WHAT YOU WILL DO
Reproduce all of the data below without alteration; exclude every picture.

[Short text fragments from websites]
== Segment start ==

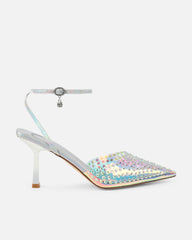 Jazzlyn Clear Silver Iridescent Diamante Mid Heeled Court Shoes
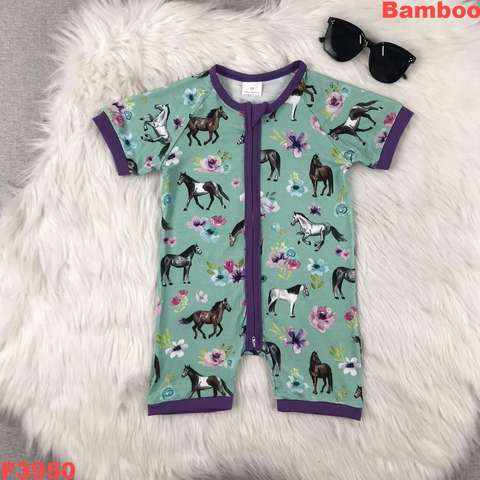 Floral Horse Print Short Sleeve Romper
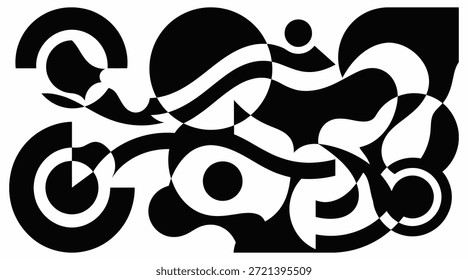 Eine dynamische abstrakte Schwarz-Weiß-Komposition mit einem komplexen Zusammenspiel geometrischer und organischer Formen, einschließlich Kreisen, Bögen und fließenden Kurven, die ein visuell ansprechendes Muster erzeugt.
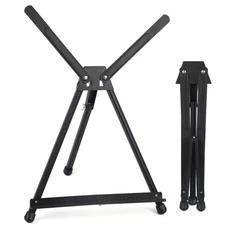 Aluminum 15"to 21"Tabletop Easel Display Black Tripod with Rubber Feet Holds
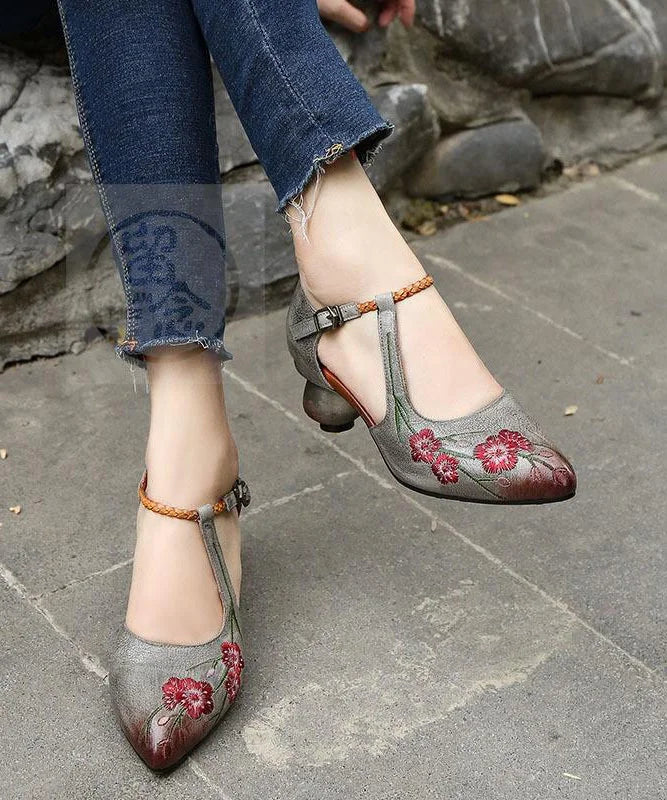 Grey Small Fragrance Leather Cross Strap High Heels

== Segment end ==

RESPONSE AREA
 Jazzlyn Clear Silver Iridescent Diamante Mid Heeled Court Shoes
 Floral Horse Print Short Sleeve Romper
 Eine dynamische abstrakte Schwarz-Weiß-Komposition mit einem komplexen Zusammenspiel geometrischer und organischer Formen, einschließlich Kreisen, Bögen und fließenden Kurven, die ein visuell ansprechendes Muster erzeugt.
 Aluminum 15"to 21"Tabletop Easel Display Black Tripod with Rubber Feet Holds
 Grey Small Fragrance Leather Cross Strap High Heels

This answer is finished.